Peter Urban / ctnewsjunkie file photo
U.S. Sens. Richard Blumenthal and Chris Murphy with California Rep. Adam Schiff and Pennsylvania Rep. Dwight Evans outside the nation’s Capitol. (Peter Urban / ctnewsjunkie file photo)

HARTFORD, CT — U.S. Sen. Chris Murphy took to Twitter this weekend to call on his colleagues in the Senate to do something more than offer sympathy to the victims of this weekend’s mass shootings in El Paso, Texas and Dayton, Ohio.

“To my colleagues — get off your ass and do something,” Murphy tweeted. “Stop pretending like your only responsibility is to offer sympathy.”

Murphy said supporters of the NRA like to frame these mass shootings as a problem with mental illness, but that’s just a “gun industry trope.”

“America has no more mental illness than other nations,” Murphy said. “Just here, the people dealing w[ith] complicated inner demons can get a military style weapon with ease.”

U.S. Sen. Richard Blumenthal will join Murphy and Gov. Ned Lamont on the steps of the state Capitol on Monday for a rally to get Congress to take action on gun violence prevention measures that enjoy widespread support.

Blumenthal also took to Twitter this weekend to call on Senate Majority Leader Mitch McConnell to call the Senate back into session to address the issue of gun violence prevention.

“Break the gun lobby’s vile vice-like grip on Congress. Send Mitch McConnell a message: Adopt commonsense reforms,” Blumenthal tweeted.

Blumenthal called for the Senate to pass a so-called “red flag” law, which allows law enforcement to remove guns from the possession of individuals who are deemed to be a danger to themselves or others. Connecticut passed a similar law in 1999 following the Connecticut Lottery shooting.

Murphy has been vocal about getting his colleagues to approve gun background checks. He first introduced the background-check gun bill in 2013 after a gunman killed 20 first graders and six educators at Sandy Hook Elementary School on Dec. 14, 2012.

He also tried again and failed after holding a 15-hour filibuster on the Senate floor in 2016 after a gunman killed 49 people in a Florida nightclub in Orlando.

And he then tried again and failed a year later after a gunman opened fire from a hotel room and killed 58 people attending an outdoor country music concert in Las Vegas.

The House has already passed two background-check bills this year and House Speaker Nancy Pelosi is calling on McConnell to cancel the August recess to allow the Senate to vote on the legislation.

“The House has passed gun violence prevention legislation to keep guns out of the wrong hands and funding for research on how to best address this public health crisis. But Senator Majority Leader McConnell has refused to take any action whatsoever,” U.S. Rep. Rosa DeLauro said Sunday. “He and the President must act and work with Democrats to fix this problem immediately. We have lost far too many lives to gun violence, and continued inaction dishonors those who have been killed.”
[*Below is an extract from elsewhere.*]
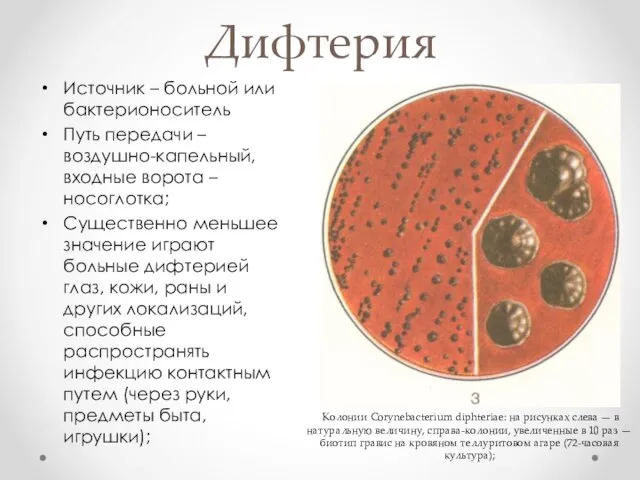 Источник – больной или бактерионоситель Путь передачи – воздушно-капельный, входные ворота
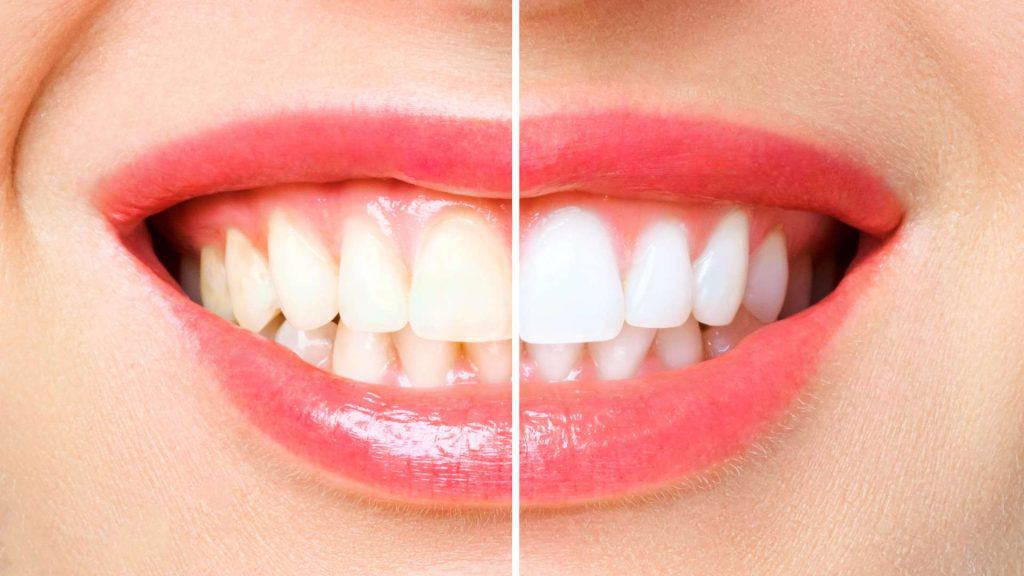 Teeth Whitening | Douglas A. Bleyenburg DDS | Holland, Michigan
U.S. Rep. John B. Larson also released a statement: “If the Prime Minister of New Zealand can ban assault weapons after a mass shooting, then the least President Trump can do is prevail on Mitch McConnell to reconvene the Senate and take up the House-passed legislation.”

McConnell reportedly fell this weekend at his home in Kentucky and injured his shoulder.

Following the shootings he tweeted that “We stand with law enforcement as they continue working to keep Americans safe and bring justice.”

He called the shootings “sickening.”

Meanwhile, McConnell’s office has yet to respond to calls to come back into session during the five-week August recess.

The NRA also issued a statement at 8 p.m. Sunday, saying the group is “committed to the safe and lawful use of firearms by those exercising their Second Amendment freedoms. We will not participate in the politicizing of these tragedies but, as always, we will work in good faith to pursue real solutions that protect us all from people who commit these horrific acts.”